Cost recovery discounting prompts further industry concern

An industry body has aired concern over the Food Standard Agency’s (FSA’s) “lack of urgency” in dealing with full cost recovery discounting, following an independent review of the organisation’s efficiency, commissioned with the aim of saving £5m.

Yet according to Peter Hewson, a consultant working for the Association of Independent Meat Wholesalers (AIMS), the FSA is failing to act quickly enough on the National Audit Office (NAO) review of its efficiency, which included reforming its charging and discounting system, among other recommendations.

“The NAO said there was a variation in the costs of big and small businesses, because the controls are not proportionate,” said Hewson. He claimed there was substantial variation between plants, which needed to be “ironed out” in order for the FSA to make substantial savings.

The NAO’s report also noted that FBOs must be provided with value for money and needed to have “stronger incentives” to use FSA resources more efficiently.

British Meat Processors Association (BMPA) director Stephen Rossides agreed that the current discount system was unfair and was a disincentive for plants to be more efficient. He said the FSA should be open to exploring alternative ways of delivering meat inspection.

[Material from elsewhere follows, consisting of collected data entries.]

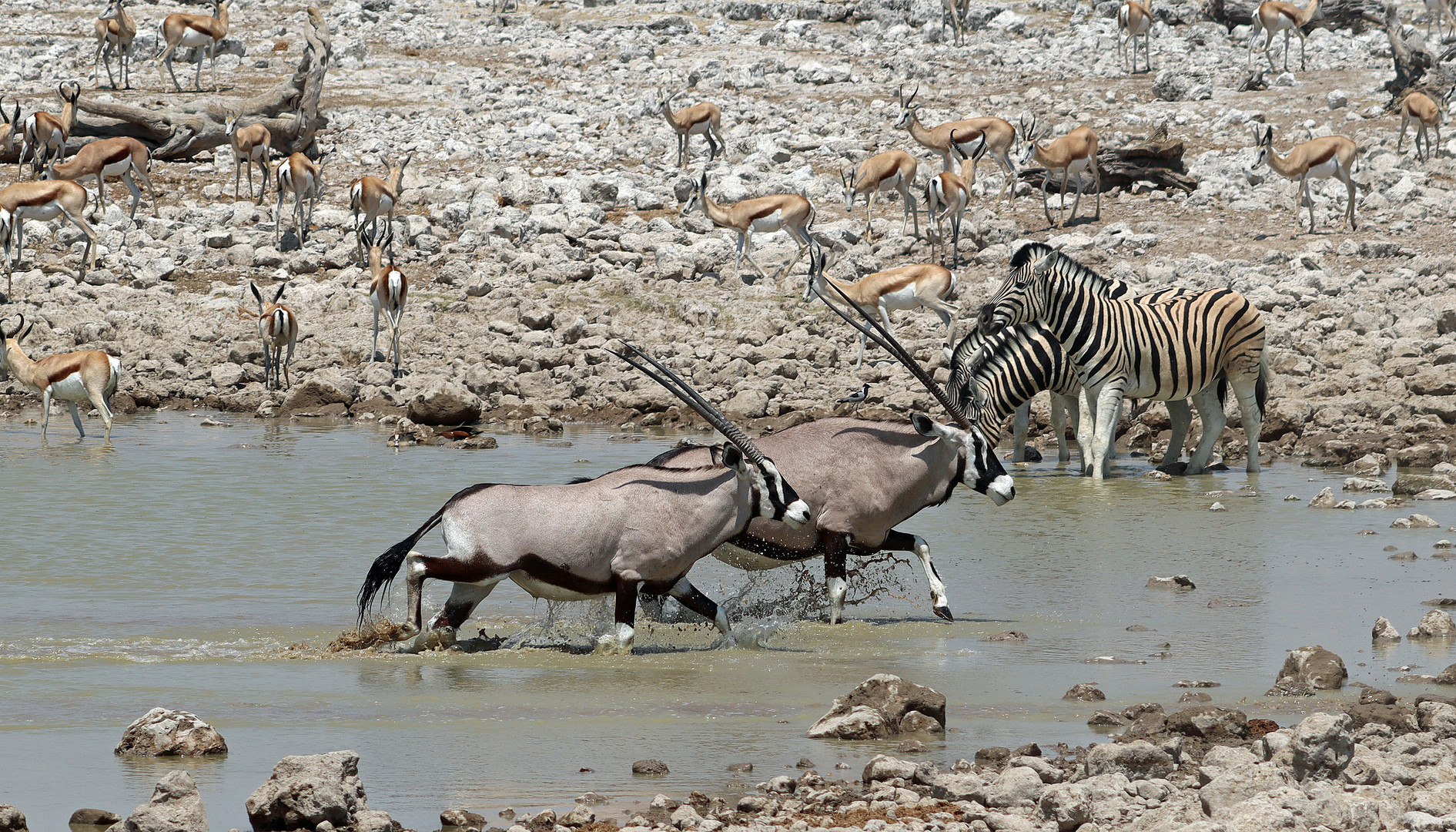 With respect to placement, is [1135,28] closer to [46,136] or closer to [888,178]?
[888,178]

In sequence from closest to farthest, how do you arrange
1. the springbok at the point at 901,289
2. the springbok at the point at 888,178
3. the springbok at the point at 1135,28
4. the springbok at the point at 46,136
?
the springbok at the point at 901,289 < the springbok at the point at 888,178 < the springbok at the point at 46,136 < the springbok at the point at 1135,28

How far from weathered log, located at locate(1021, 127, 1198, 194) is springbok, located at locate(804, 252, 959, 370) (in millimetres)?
4881

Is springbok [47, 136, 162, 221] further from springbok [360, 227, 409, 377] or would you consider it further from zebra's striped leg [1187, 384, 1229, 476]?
zebra's striped leg [1187, 384, 1229, 476]

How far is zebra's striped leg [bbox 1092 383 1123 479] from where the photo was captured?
41.3 feet

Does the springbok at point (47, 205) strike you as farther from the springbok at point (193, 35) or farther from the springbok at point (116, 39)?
the springbok at point (116, 39)

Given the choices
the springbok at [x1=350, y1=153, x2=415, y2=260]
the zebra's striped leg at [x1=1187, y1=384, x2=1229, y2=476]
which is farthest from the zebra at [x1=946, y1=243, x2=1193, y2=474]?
the springbok at [x1=350, y1=153, x2=415, y2=260]

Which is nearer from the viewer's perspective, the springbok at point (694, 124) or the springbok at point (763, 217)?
the springbok at point (763, 217)

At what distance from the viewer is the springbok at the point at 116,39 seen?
95.4 feet

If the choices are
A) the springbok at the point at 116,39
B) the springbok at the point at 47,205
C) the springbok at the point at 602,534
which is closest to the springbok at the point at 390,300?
the springbok at the point at 47,205

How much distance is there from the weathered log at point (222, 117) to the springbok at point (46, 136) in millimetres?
467

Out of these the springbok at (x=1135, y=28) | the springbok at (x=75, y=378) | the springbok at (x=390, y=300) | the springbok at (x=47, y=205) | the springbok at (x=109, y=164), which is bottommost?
the springbok at (x=75, y=378)

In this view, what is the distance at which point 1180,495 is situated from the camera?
11.9 metres

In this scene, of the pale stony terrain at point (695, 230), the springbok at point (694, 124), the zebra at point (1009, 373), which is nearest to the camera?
the zebra at point (1009, 373)

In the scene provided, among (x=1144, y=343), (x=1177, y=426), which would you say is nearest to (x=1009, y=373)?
(x=1144, y=343) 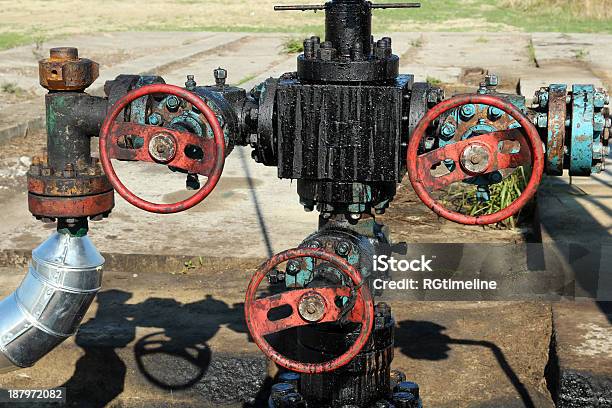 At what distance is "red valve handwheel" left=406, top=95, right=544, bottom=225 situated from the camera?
2174 millimetres

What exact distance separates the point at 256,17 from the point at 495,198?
17.5 meters

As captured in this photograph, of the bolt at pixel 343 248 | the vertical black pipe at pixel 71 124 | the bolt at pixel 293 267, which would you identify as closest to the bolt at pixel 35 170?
the vertical black pipe at pixel 71 124

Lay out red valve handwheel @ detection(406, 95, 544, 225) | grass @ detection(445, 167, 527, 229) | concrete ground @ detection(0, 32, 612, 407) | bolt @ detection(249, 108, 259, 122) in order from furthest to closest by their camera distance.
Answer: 1. grass @ detection(445, 167, 527, 229)
2. concrete ground @ detection(0, 32, 612, 407)
3. bolt @ detection(249, 108, 259, 122)
4. red valve handwheel @ detection(406, 95, 544, 225)

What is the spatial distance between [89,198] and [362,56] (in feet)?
2.58

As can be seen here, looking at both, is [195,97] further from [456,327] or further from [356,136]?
[456,327]

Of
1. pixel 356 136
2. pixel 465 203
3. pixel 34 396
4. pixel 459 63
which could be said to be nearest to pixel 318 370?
pixel 356 136

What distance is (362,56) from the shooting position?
246 centimetres

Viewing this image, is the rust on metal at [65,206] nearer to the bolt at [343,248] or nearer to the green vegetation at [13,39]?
the bolt at [343,248]

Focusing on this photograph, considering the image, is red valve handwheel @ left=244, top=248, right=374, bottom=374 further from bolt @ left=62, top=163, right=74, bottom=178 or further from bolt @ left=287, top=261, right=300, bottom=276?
bolt @ left=62, top=163, right=74, bottom=178

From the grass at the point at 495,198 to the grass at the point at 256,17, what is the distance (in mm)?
10543

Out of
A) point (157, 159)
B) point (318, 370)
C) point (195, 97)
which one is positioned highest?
point (195, 97)

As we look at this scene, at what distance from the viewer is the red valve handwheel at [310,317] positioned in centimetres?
224

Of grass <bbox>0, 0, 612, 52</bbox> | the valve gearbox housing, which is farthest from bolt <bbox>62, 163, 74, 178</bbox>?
grass <bbox>0, 0, 612, 52</bbox>

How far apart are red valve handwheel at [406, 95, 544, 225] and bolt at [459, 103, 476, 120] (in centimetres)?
11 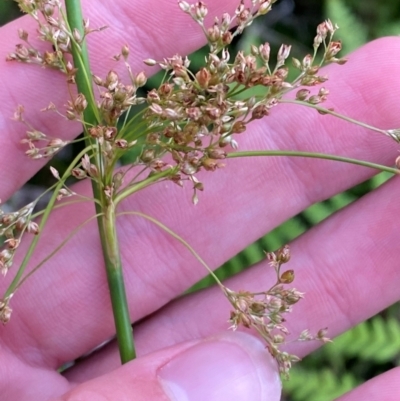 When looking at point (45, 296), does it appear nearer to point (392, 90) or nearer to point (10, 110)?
point (10, 110)

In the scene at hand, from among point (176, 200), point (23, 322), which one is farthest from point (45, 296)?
point (176, 200)

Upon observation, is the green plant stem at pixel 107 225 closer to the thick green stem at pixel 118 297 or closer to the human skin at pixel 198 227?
the thick green stem at pixel 118 297

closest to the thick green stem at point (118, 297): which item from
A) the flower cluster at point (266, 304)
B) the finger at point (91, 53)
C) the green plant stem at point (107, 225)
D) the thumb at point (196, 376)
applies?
the green plant stem at point (107, 225)

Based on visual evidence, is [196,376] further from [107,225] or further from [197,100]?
Answer: [197,100]

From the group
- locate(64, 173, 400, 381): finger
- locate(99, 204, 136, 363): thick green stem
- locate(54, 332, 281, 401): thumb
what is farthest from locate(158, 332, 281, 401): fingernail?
locate(64, 173, 400, 381): finger

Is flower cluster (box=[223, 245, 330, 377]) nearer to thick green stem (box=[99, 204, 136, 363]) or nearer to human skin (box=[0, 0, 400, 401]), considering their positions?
thick green stem (box=[99, 204, 136, 363])

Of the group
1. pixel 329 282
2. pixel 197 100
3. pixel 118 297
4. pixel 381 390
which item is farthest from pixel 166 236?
pixel 381 390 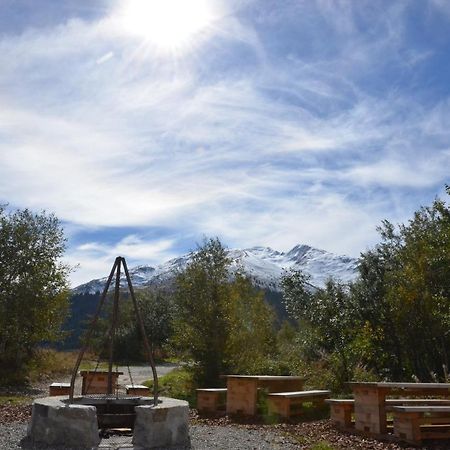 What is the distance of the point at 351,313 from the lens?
22172 millimetres

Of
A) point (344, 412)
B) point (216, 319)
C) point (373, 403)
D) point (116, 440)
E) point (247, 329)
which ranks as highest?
point (216, 319)

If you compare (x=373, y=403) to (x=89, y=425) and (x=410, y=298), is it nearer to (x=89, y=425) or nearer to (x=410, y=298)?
(x=89, y=425)

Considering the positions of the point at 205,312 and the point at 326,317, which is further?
the point at 205,312

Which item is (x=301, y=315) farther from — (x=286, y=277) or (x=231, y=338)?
(x=231, y=338)

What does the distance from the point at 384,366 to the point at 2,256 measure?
16.0m

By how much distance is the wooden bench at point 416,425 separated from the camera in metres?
9.09

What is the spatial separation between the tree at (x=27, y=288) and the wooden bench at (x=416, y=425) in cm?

Although the review did acknowledge that total costs had reduced by 40% between 2005/06 and 2011/12, through staff reductions, it explained there was now a limit to making further savings in a similar way as “there would be increasing risks to the quality of inspections provided”. One suggestion was for the FSA to look at the “scope for further incremental savings through operational improvements”, such as inspection time and costs.

Hewson told that the FSA needed to tackle full cost recovery issues, including discounts, before EU legislation came into force. “We would like to see some urgency in the FSA’s planning.” he said. “When the EU regulations come into force, which could be in 2016, discounts will become a thing of the past.”

A spokesperson for the FSA said: “The FSA considers there to be no basis to this criticism, considering the NAO review has just been published and discussed by the FSA Board this month, and the first meeting of the stakeholder group under an independent chair is scheduled for August. The NAO found that the FSA had made considerable headway in reducing costs, but that further savings could only be achieved by the industry working with the FSA to reform the discount system.”

The NAO report on the FSA's efficiency was published by the NAO on 8 July and discussed at an FSA Board meeting on 16 July.